# [PROBLEM TO WORK ON]
Pictures aside, reproduce exactly and only the lines below, starting at the one containing "Tertulia especial sobre" and ending at the last line.

# [MATERIALS PROVIDED]
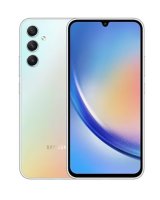  Samsung Galaxy A34 5G 6/128GB Silver 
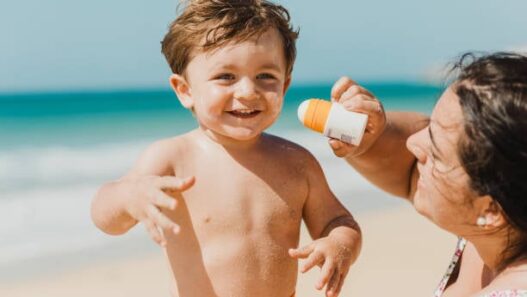Apa Itu SPF dan Berapa SPF yang Aman untuk Bayi dan Anak?
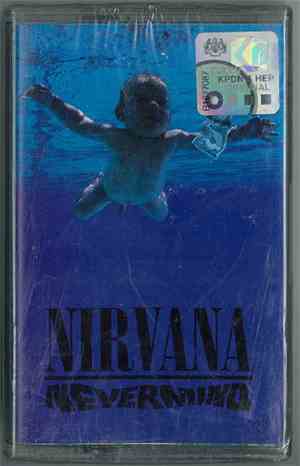 Nirvana - Nevermind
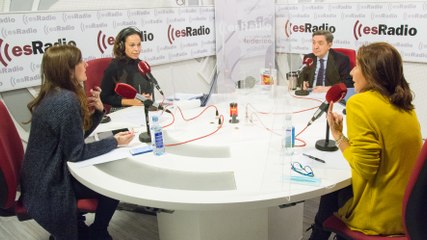 Tertulia especial sobre educación especial en 'Es la Mañana de Federico'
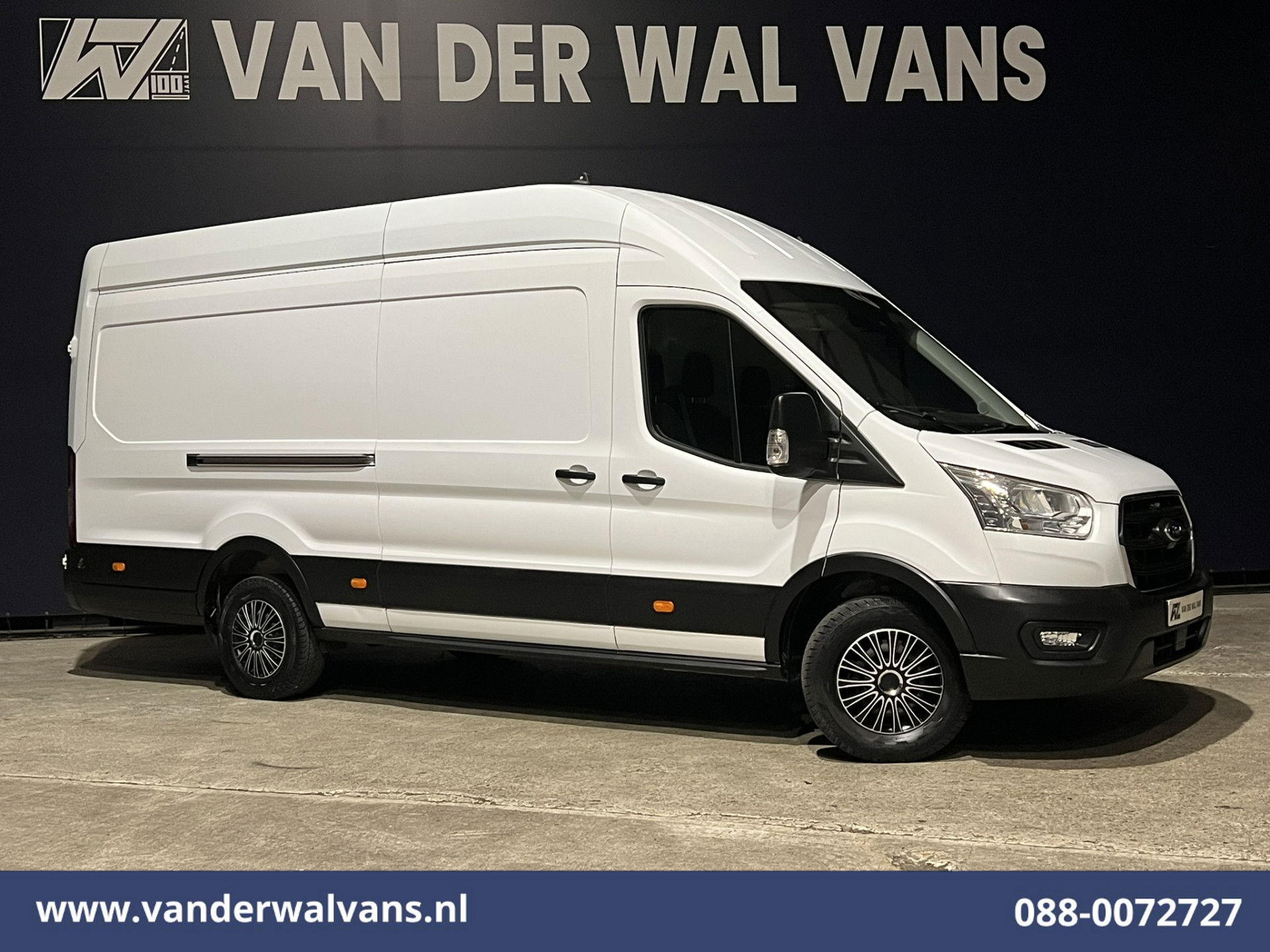 Foto van Ford Transit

# [SOLUTION FOR THIS PROBLEM]
 Tertulia especial sobre educación especial en 'Es la Mañana de Federico'
 Foto van Ford Transit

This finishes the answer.